The choice of which features to discard determines the nature of the system. For example, one could sacrifice consistency to get a scalable, simple, and high-performance database management system. Often, the main difference between a relational database and a NoSQL database is consistency. A relational database enforces atomicity, consistency, isolation, and durability (ACID) properties. In contrast, many NoSQL databases adopt the basically available, soft-state, eventual consistency (BASE) model.

A NoSQL database does not entity relation model for data storage, manipulation, and retrieval. NoSQL databases are often distributed, open source, and horizontally scalable. NoSQL often adopts the base model, which prizes availability over consistency, and informally guarantees that if no new updates are made on a data item, eventually all access to that data item will return the latest version of that data item. The advantages of this approach include the following:

• Simplicity of design
• Horizontal scaling and easy replication

• Schema-free
• A huge amount of data support

We will now explore a few types of NoSQL databases.

The key-value store is the simplest database store. In this database model, the storage, as its name suggests, is based on maps or hash tables. Some key-value databases allow complex values to be stored as lists and hash tables. Key-value pairs are extremely fast for certain scenarios but lack the support for complex queries and aggregation. Some of the existing open source key-value databases are Riak, Redis, Couchbase Server, and MemcacheDB.

Columnar or column-oriented databases are based on columns. Data in a certain column in a two-dimensional relation is stored together.

HBase is one of the most famous columnar databases. It is based on the Google Bigtable storage system. Column-oriented databases are designed for huge data scenarios, so they scale up easily. For example, Facebook uses HBase to power their message infrastructure. For small datasets, HBase is not a suitable architecture. First, the recommended hardware topology for HBase is a five-node server deployment. Also, it needs a lot of administration and is difficult to learn and master.

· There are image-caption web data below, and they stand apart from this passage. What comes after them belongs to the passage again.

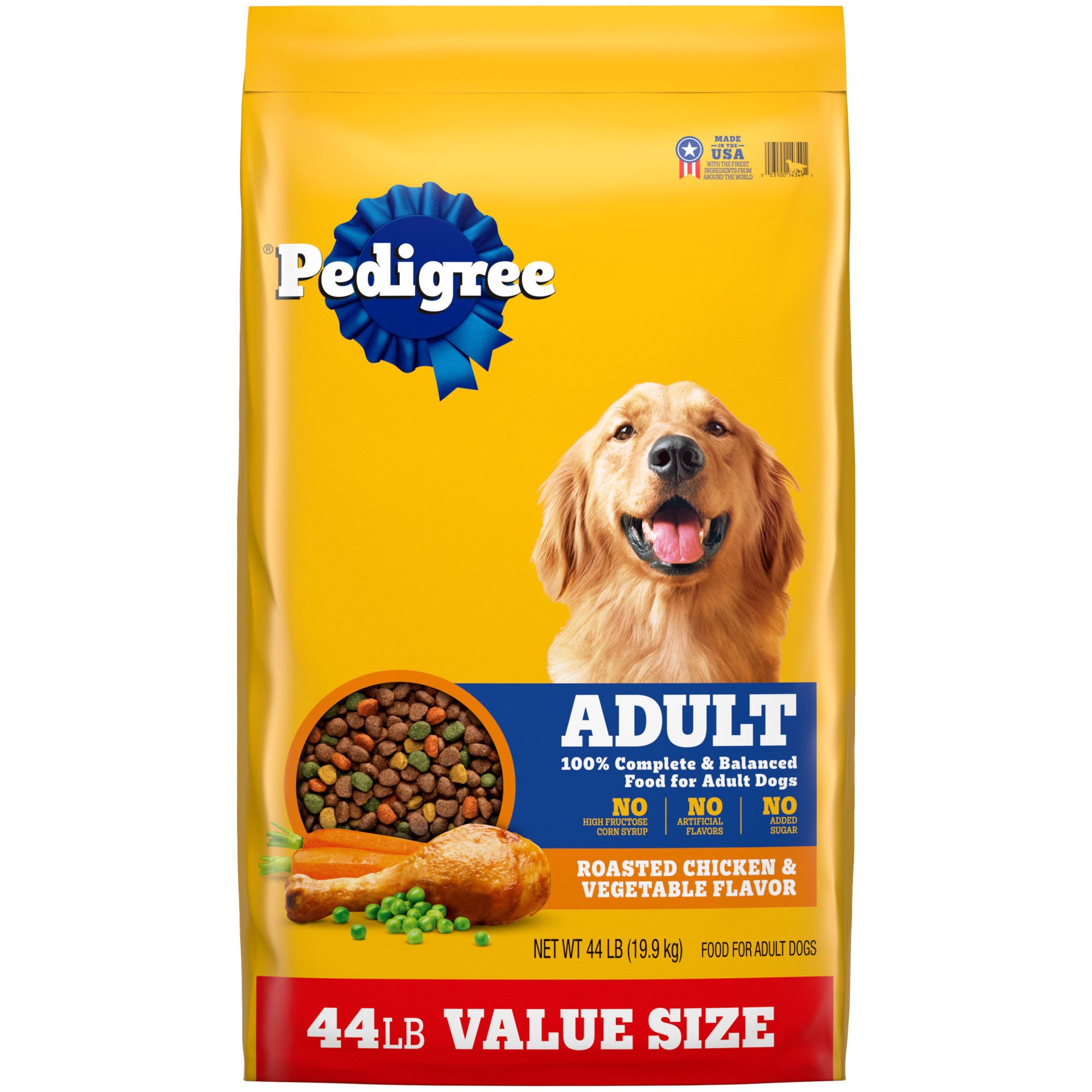 slide 1 of 16, Pedigree Adult Roasted Chicken & Vegetable Flavor Food for Dogs Value Size 44 lb, 44 lb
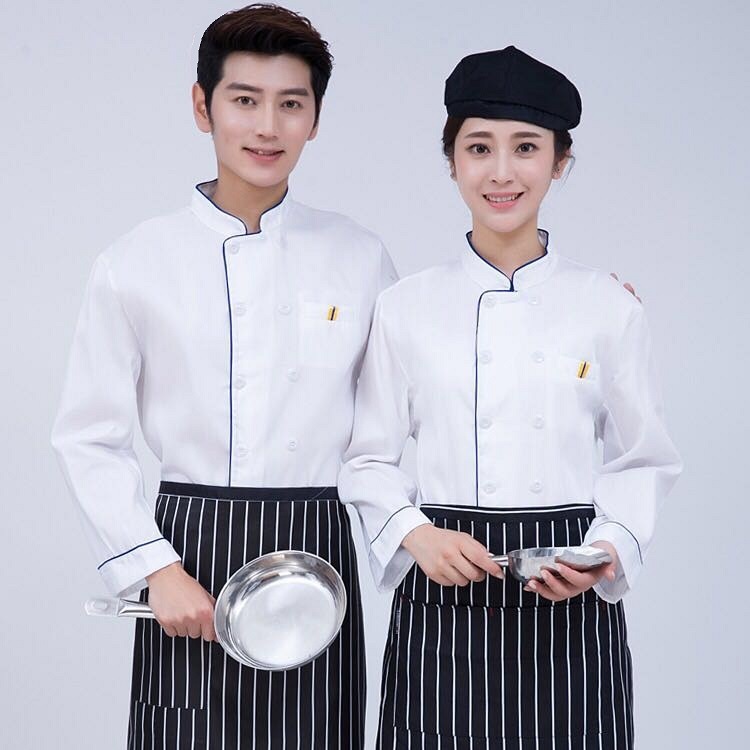 Large Size Chef Uniform Long Sleeve White New Men Women Kitchen Hotel Restaurant Red Blue Edge High Quality Hygroscopic Workwear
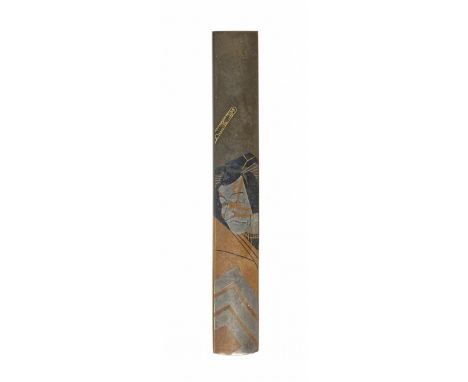 Sign.: Ryûchiken Teruyuki (Hideyuki) in GoldIn flacher Einlage aus Kupfer, Silber und Gold das Brustbild des Ichikawa Danjurô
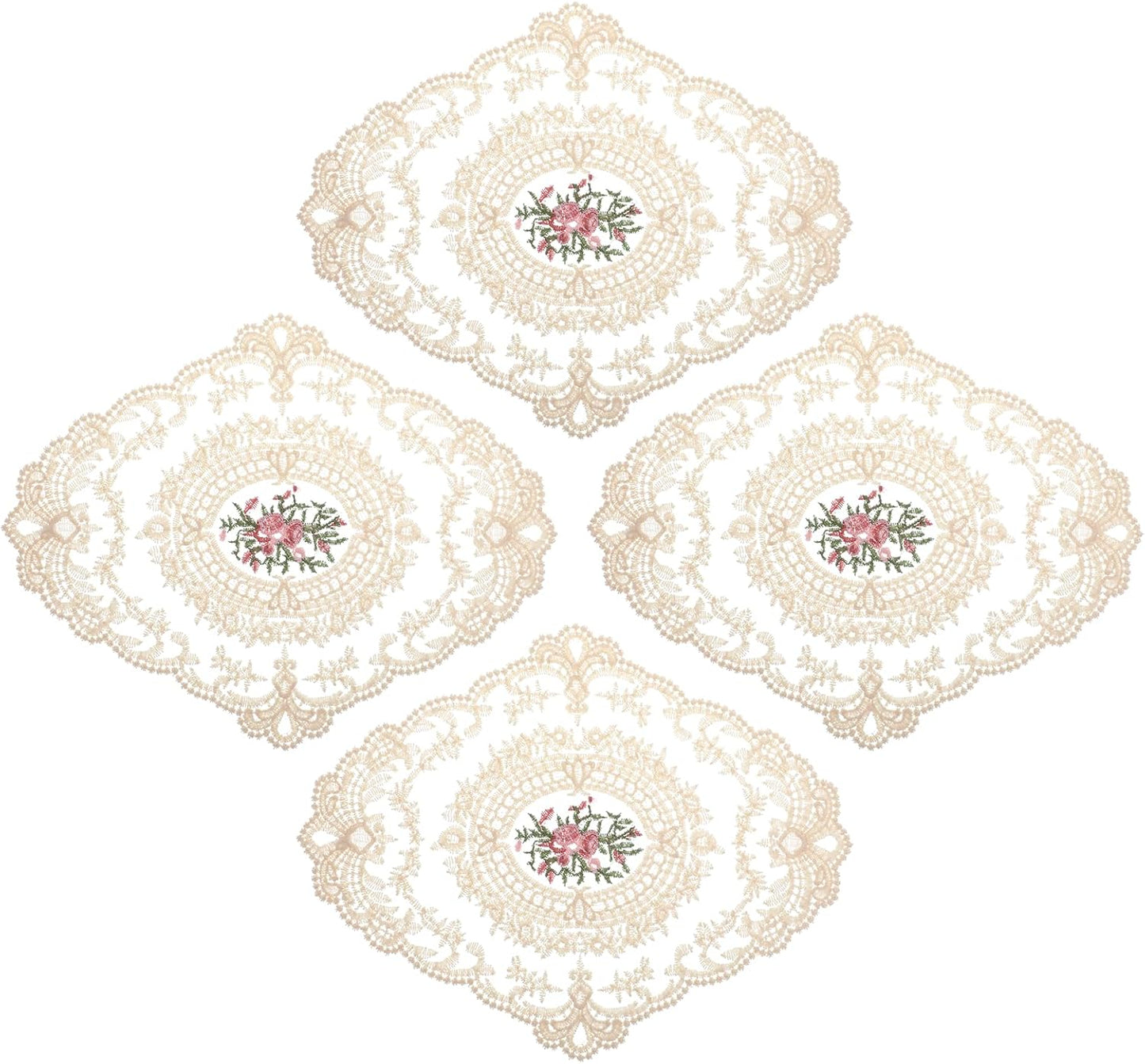 Manteles de encaje beige individuales para mesa elegantes y retro
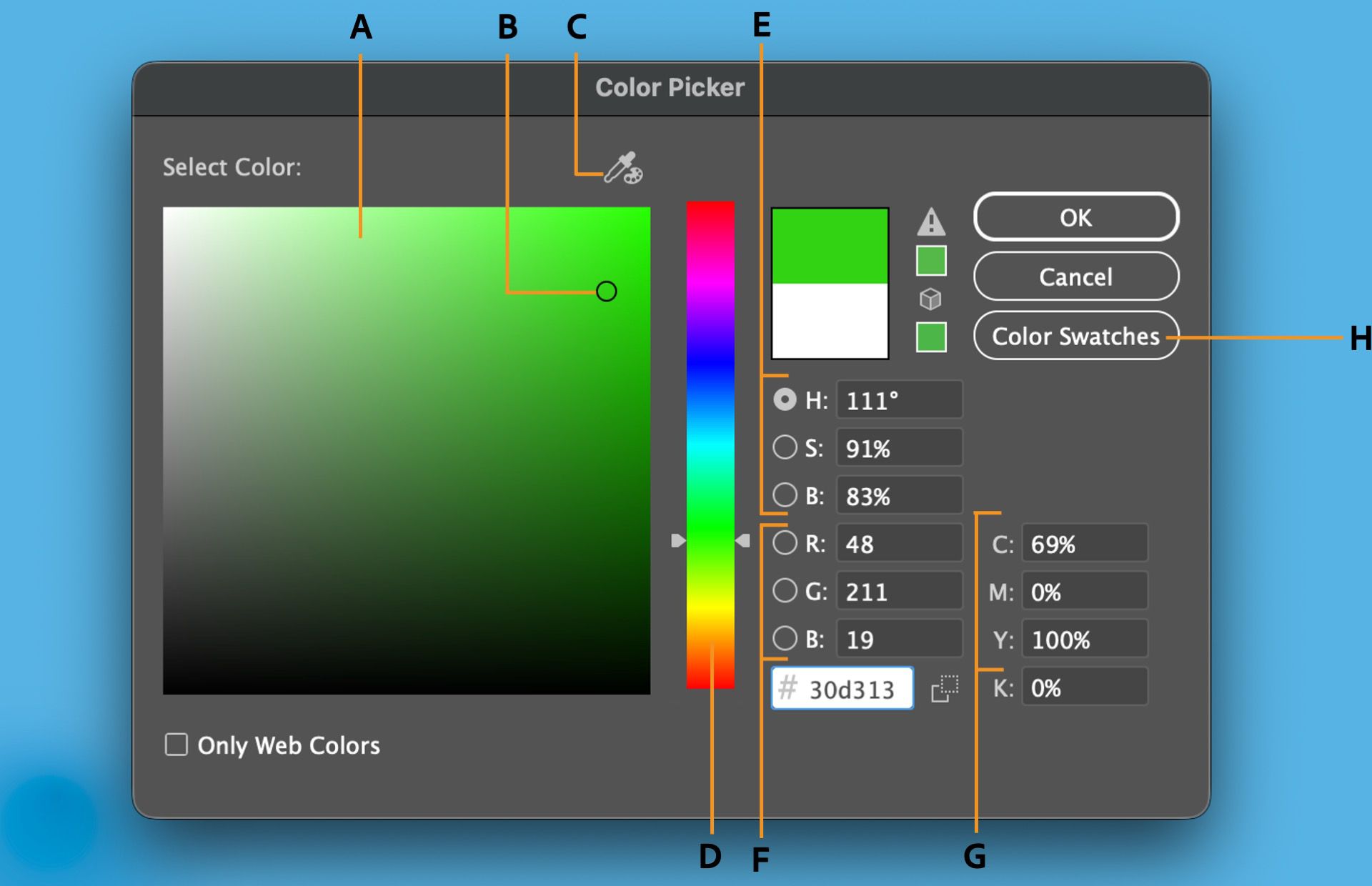 The Color Picker dialog box displays the following options: Select Color column, Circular color marker, Color Picker, Color spectrum bar, HSB color values, Color Swatches, CMYK color values, RGB color values, and Color slider.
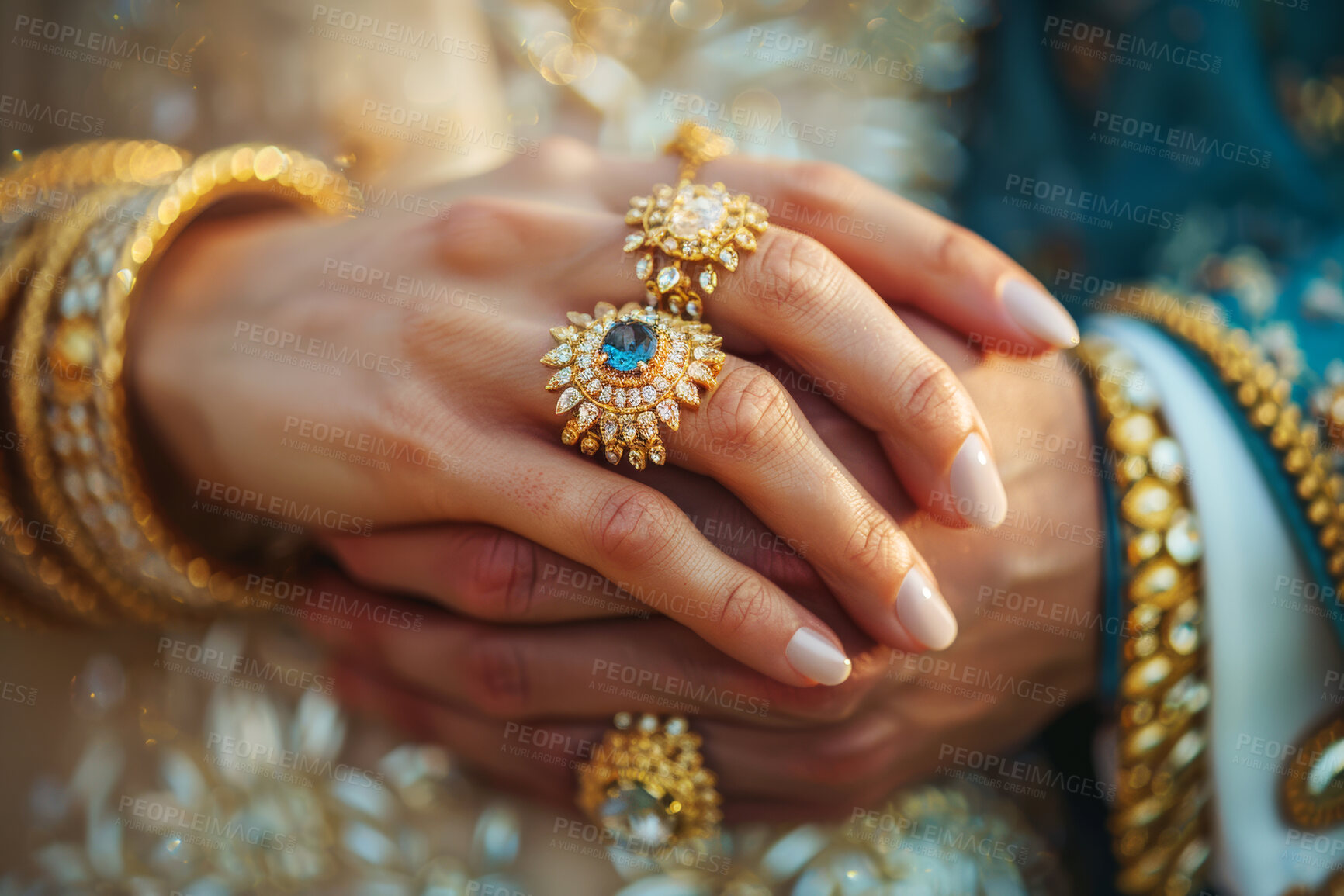 Buy stock photo Culture, hand and Indian person with jewellery, ring and manicure for nail, Islamic and bangles for wedding. Closeup, religion and tradition for clothes of bride, woman and pride for fashion in cloth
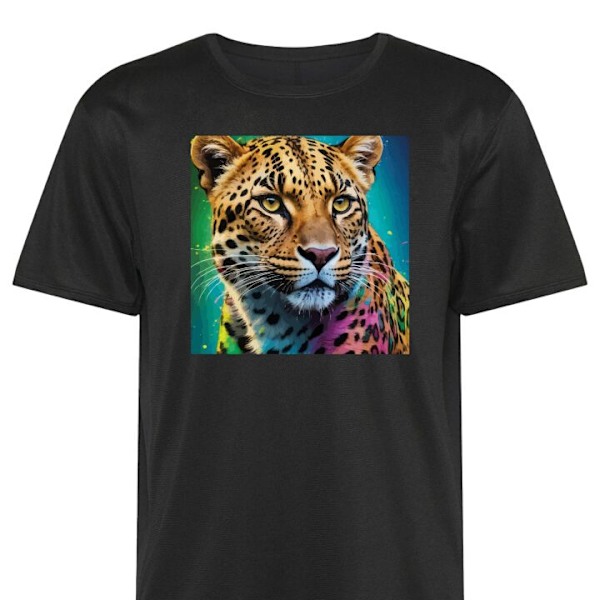 Trænings T-shirt | Sport T-shirt til Voksen Leopard sort 5X-Large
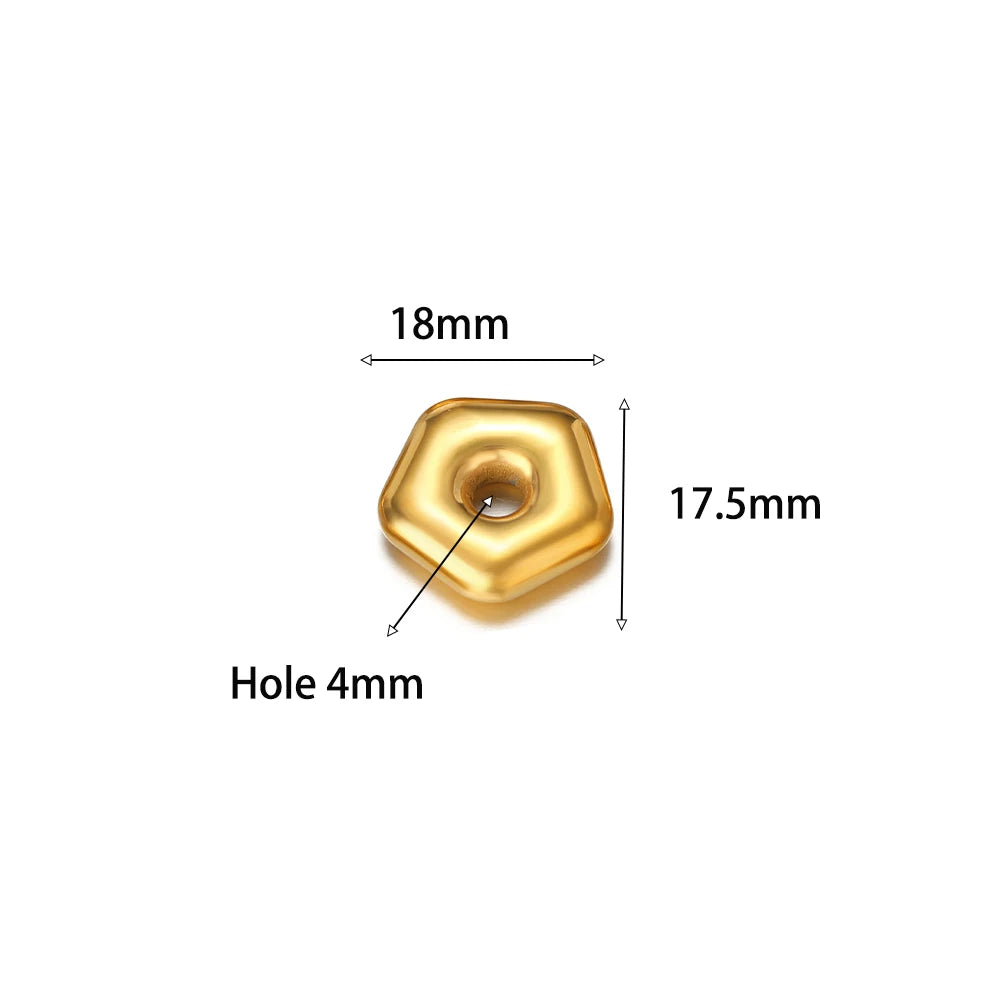 Non Tarnish Stainless Steel18k Gold Plated Hollow Star Heart Square Flower Charms Pendant for DIY Jewelry Earring Making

A document-oriented database is suitable for documents and semi-structured data. The central concept of a document-oriented database is the notion of a document. Documents encapsulate and encode data (or information) in some standard formats or encodings such as XML, JSON, and BSON. Documents do not adhere to a standard schema or have the same structure, so they provide a high degree of flexibility. Unlike relational databases, changing the structure of the document is simple and does not lock the clients from accessing the data.

Document databases merge the power of relational databases and column-oriented databases. They provide support for ad hoc queries and can be scaled up easily. Depending on the design of the document database, MongoDB is designed to handle a huge amount of data efficiently. On the other hand, CouchDB provides high availability even in the case of hardware failure.

Graph databases are based on graph theory, where a database consists of nodes and edges. The nodes, as well as the edges, can be assigned data. Graph databases allow traversing between the nodes using edges. As a graph is a generic data structure, graph databases are capable of representing different data. A famous implementation of an open source, commercially supported graph database is Neo4j.